In an emergency such as a factory fire, ascertaining which gases are present in the air is critical to preventing or minimizing poisoning (Fig. 1). This requires gas sensors that react quickly and provide a visual signal. However, many existing detection systems work for only one gas, or they use a chemical reaction that is too slow to respond in emergency situations.

Now, Takashi Uemura of Kyoto University and colleagues at several other Japanese institutes, including the RIKEN SPring-8 Center, have created a gas sensor that works rapidly, emits a clear fluorescent signal, and detects different gases¹. Most importantly, the new sensor can distinguish between gases with similar chemical and physical properties.

Uemura and colleagues’ sensor contains so-called ‘flexible porous coordination polymers’ coupled with fluorescent reporter molecules that change structure, and therefore emit signals, according to different gases present in the air.

“We thought that the incorporation of functional polymers into flexible porous coordination matrices would show unique dynamic properties,” says Uemura.
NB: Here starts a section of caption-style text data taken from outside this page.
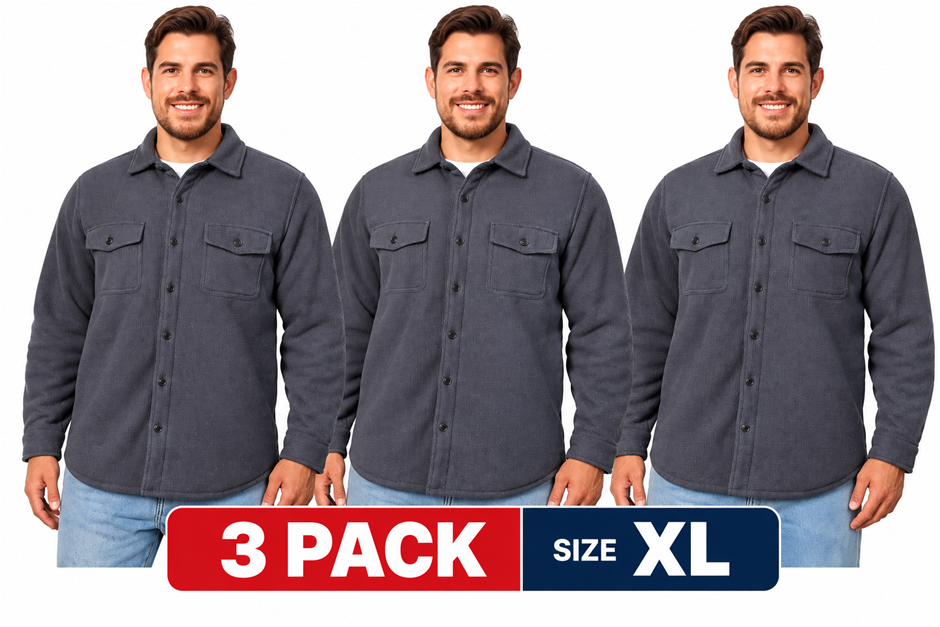 3 PACK FREEDOM FOUNDRY Men's Fleece Shirt Jacket, Size XL, Navy.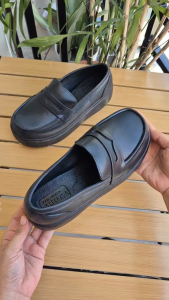 SHUTA Womens Black Platform Loafers easy on Slip-on Loafers Non-slip Waterproof Rubber Work Shoes & School Shoes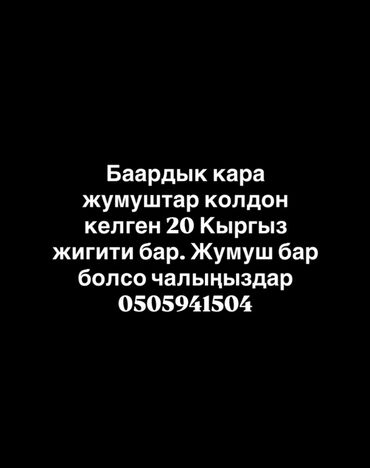 срочно ищу работу с ежедневной оплатой: Любой күнүнө төлөнгөн же туруктуу жумуштарга даяр балдар бар! Жүк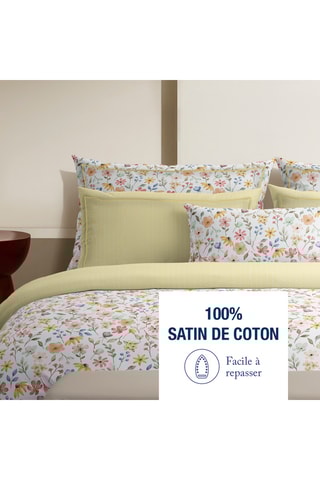 Parure de couette réversible en satin de coton Fleurs d'été - 80 fils/cm² - Jaune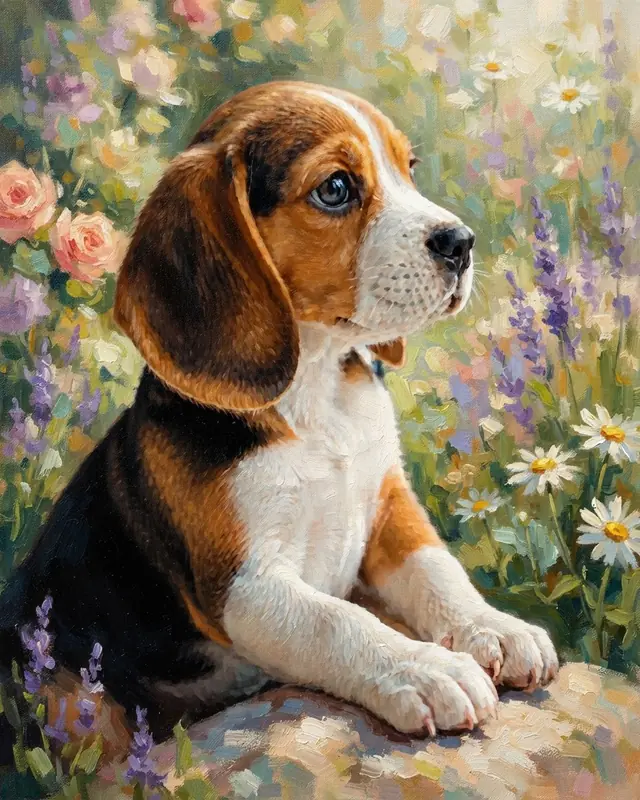 Impressionist Garden style render of a beagle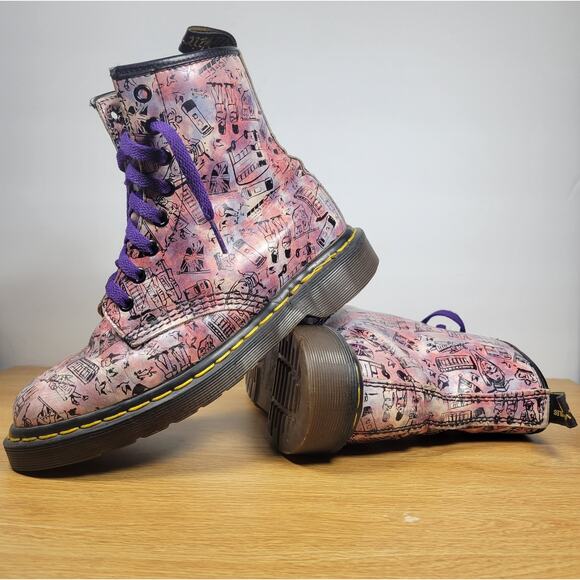 DR. MARTENS Pink London Icons Leather Boots Size 5 UK MADE In England US Size 7 - Picture 9 of 12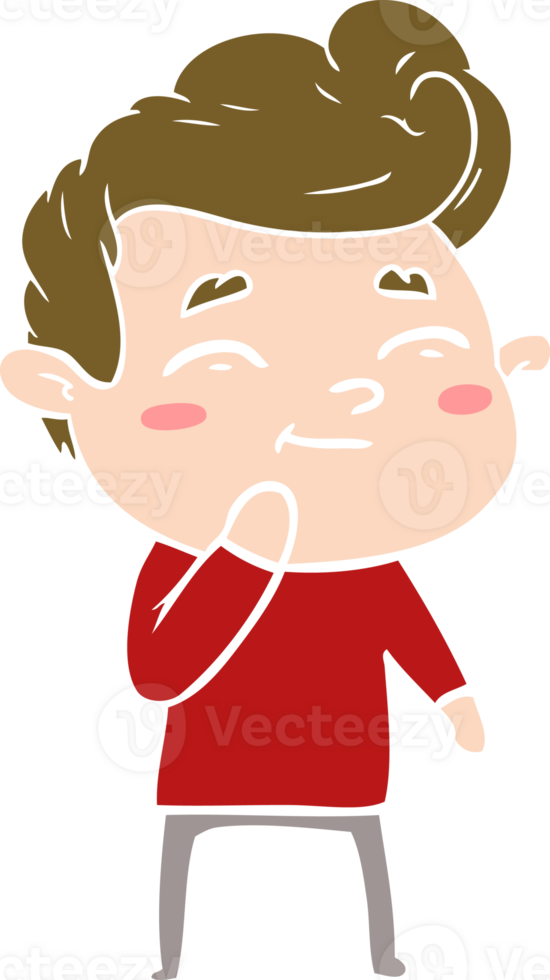 happy flat color style cartoon man png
He and his colleagues therefore inserted a fluorescent reporter molecule into the coordination polymer, whereupon the whole combined structure twisted out of shape.

In this normal and twisted state, the fluorescent light from the reporter is quite dim and green. Once gas molecules are introduced, the structure begins to return to its original shape, and the fluorescence returns, brightening as the gas pressure intensifies. For example, the fluorescence changes from green to blue when the molecule adsorbs carbon dioxide.

By this method, the sensor allows regular monitoring of both the type of gas and its concentration in the air. Crucially, the fluorescent response begins within seconds upon interaction with the gas and is complete within minutes, allowing emergency responders to make decisions quickly (Fig. 1).

In addition to these attributes, this is the first such detection system shown to work for gases with almost identical physical properties, the team notes. “Physical properties, such as size, shape, and boiling points, are very similar between carbon dioxide and acetylene, for example, so it is difficult to distinguish between them,” explains Uemura. “Our material has carboxylate sites in the pore, and these sites can bind to acetylene more strongly than carbon dioxide.

“This unique cooperative change of host and guest could allow us to design new advanced materials,” he adds. By investigating different flexible host structures and other ‘guest’ reporter molecules, the researchers believe they could create gas detection systems for a variety of different gases and other applications in the future.